5
votes

I am trying to perform what, you would think, is a trivial operation in BigQuery; I am trying to update a nested field in a BigQuery table that is the result of a 360 export.

Here is my query:

#standardSQL
UPDATE `dataset_name`.`ga_sessions_20170705`
SET hits.eventInfo.eventLabel = 'some string'
WHERE TRUE

But I get this error message:

Error: Cannot access field eventInfo on a value with type ARRAY<STRUCT<item STRUCT<transactionId INT64, currencyCode STRING>, isEntrance BOOL, minute INT64, ...>> at [3:10]

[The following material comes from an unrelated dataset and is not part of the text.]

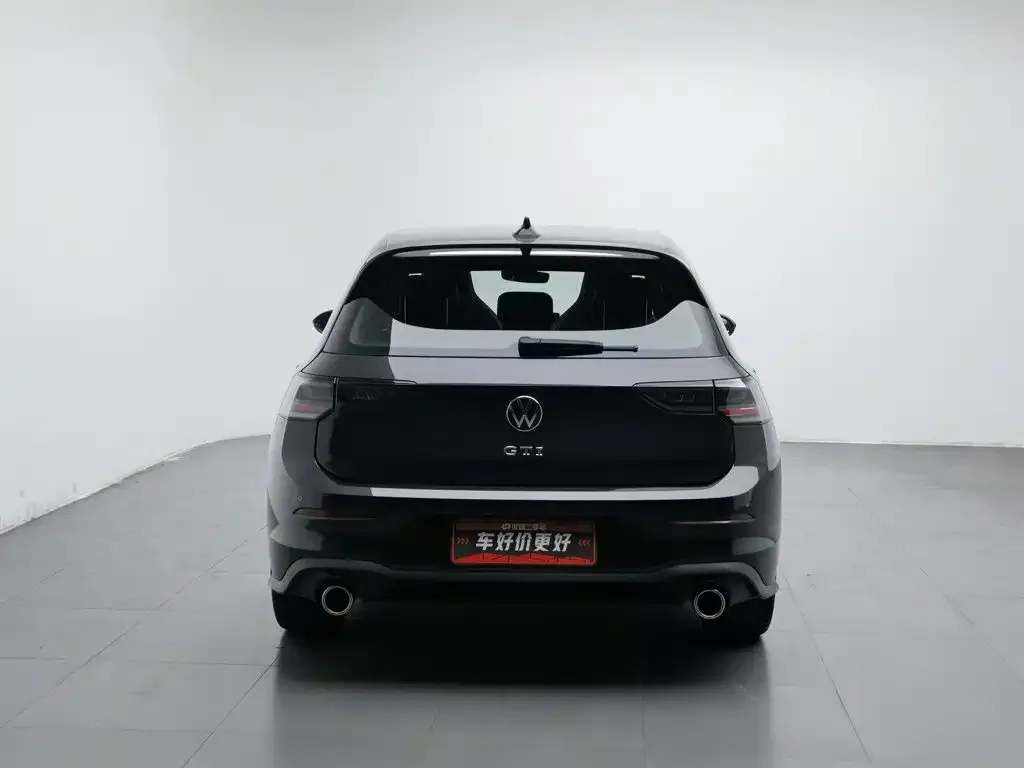 Volkswagen Golf GTI — фото 2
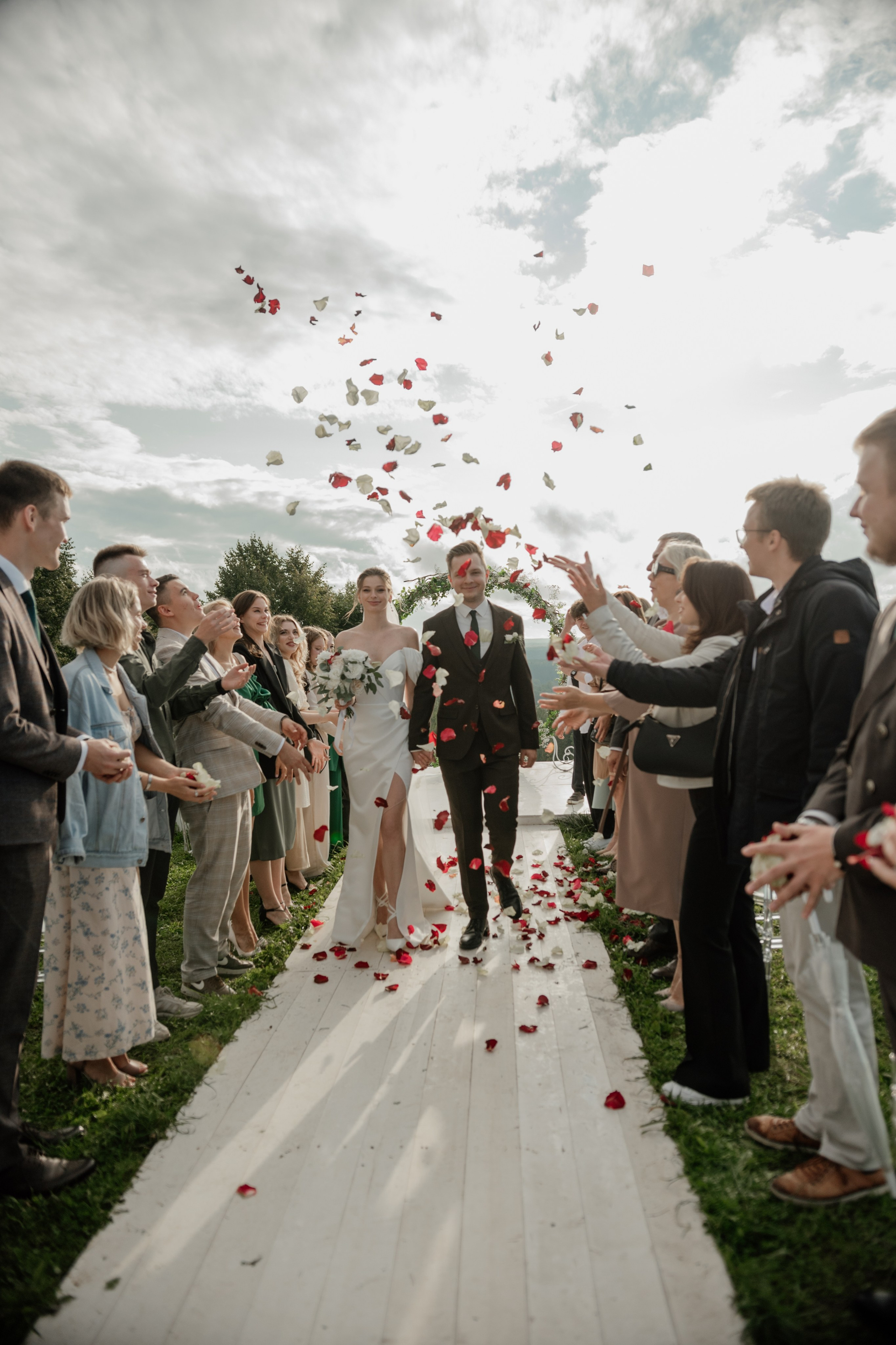 Валера и Лиза. Свадебный и Семейный фотограф в Ярославле Алёна Колясникова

How can I update this nested field?

3

3 Answers

5
votes

hits is an array, so you need to use an array subquery to assign to it. It would look something like this:

#standardSQL
UPDATE `dataset_name`.`ga_sessions_20170705`
SET hits =
  ARRAY(
    SELECT AS STRUCT * REPLACE(
      (SELECT AS STRUCT eventInfo.* REPLACE('some string' AS eventLabel)) AS eventInfo)
    FROM UNNEST(hits)
  )
WHERE TRUE;
4
votes

If you need to modify a given custom dimension you can use this:

#standardSQL
UPDATE `tablename`
SET hits = 
  ARRAY(
    SELECT AS STRUCT * REPLACE(
      ARRAY(
        SELECT AS STRUCT cd.index,
          CASE WHEN cd.index = index_number THEN 'new value'
          ELSE cd.value
          END
        FROM UNNEST(customDimensions) AS cd
      ) AS customDimensions)
    FROM UNNEST(hits) hit
  )
WHERE TRUE

But it takes a while to run.

0
votes

Here is to mask PII data in ga sessions having an email

UPDATE
     `<project-id>.<dataset-name>.<table-name>`
 
SET hits =
  ARRAY(SELECT AS STRUCT * REPLACE (
    -- correcting pages here
    IF(REGEXP_CONTAINS(page.pagePath, r"@[a-zA-Z0-9-]+\.[a-zA-Z0-9-.]+")
    ,STRUCT(
        REGEXP_REPLACE(page.pagePath, r"@[a-zA-Z0-9-]+\.[a-zA-Z0-9-.]+", "[EMAIL]")
        ,page.pagePathLevel1
        ,page.pagePathLevel2
        ,page.pagePathLevel3
        ,page.pagePathLevel4
        ,page.hostname
        ,page.pageTitle
        ,page.searchKeyword
        ,page.searchCategory
    ), page) AS page)
    
    FROM UNNEST(hits)
  ) 
WHERE ( -- only relevant sessions
  SELECT COUNT(1) > 0 
  FROM UNNEST(hits) AS hits
  WHERE totals.visits = 1
    AND hits.type = 'PAGE'
    AND REGEXP_CONTAINS(hits.page.pagePath, r"@[a-zA-Z0-9-]+\.[a-zA-Z0-9-.]+") = true
)